DESCRIPTION OF THE TASK
No pictures belong in the copy. Retype exactly, and only, the stretch of lines below from the one with "Jordan 11 Retro" through the one with "A sick patient".

MATERIAL FOR THIS EXERCISE
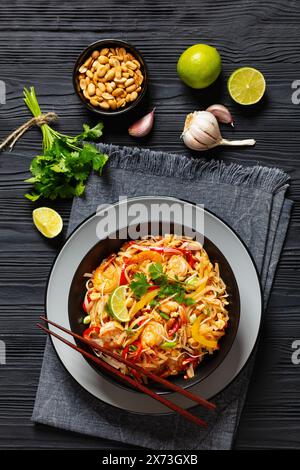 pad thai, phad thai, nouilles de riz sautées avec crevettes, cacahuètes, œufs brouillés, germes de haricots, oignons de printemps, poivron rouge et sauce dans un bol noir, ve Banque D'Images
...
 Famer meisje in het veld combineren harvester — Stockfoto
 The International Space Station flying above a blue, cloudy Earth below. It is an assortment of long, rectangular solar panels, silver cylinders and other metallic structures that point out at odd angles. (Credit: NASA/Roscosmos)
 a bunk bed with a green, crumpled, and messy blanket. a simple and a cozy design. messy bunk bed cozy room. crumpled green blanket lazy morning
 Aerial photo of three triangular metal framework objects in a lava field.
* * *
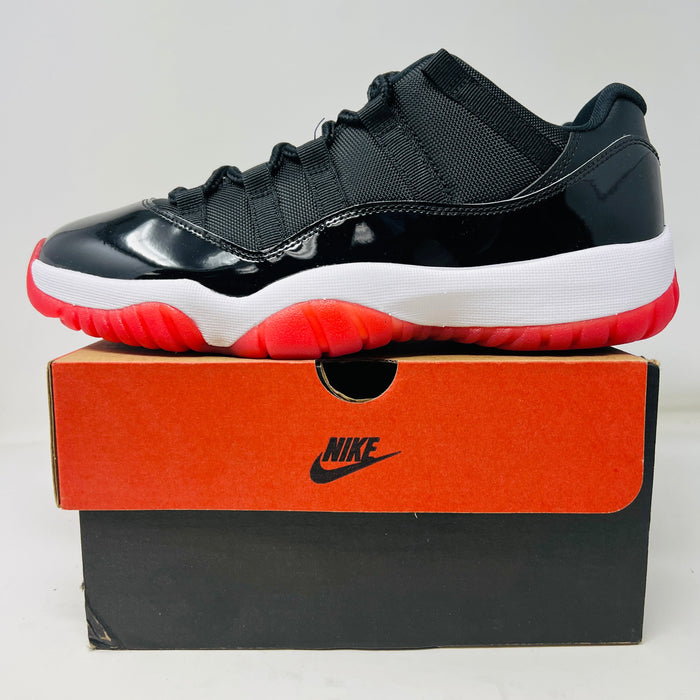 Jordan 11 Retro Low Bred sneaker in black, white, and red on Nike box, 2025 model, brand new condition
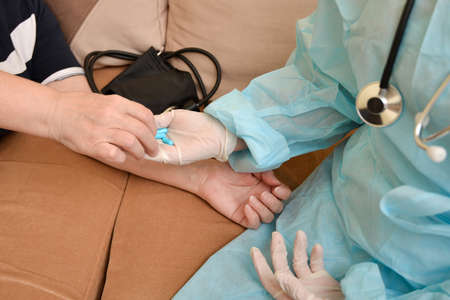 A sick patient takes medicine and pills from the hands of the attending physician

TASK OUTPUT
 Jordan 11 Retro Low Bred sneaker in black, white, and red on Nike box, 2025 model, brand new condition
 A sick patient takes medicine and pills from the hands of the attending physician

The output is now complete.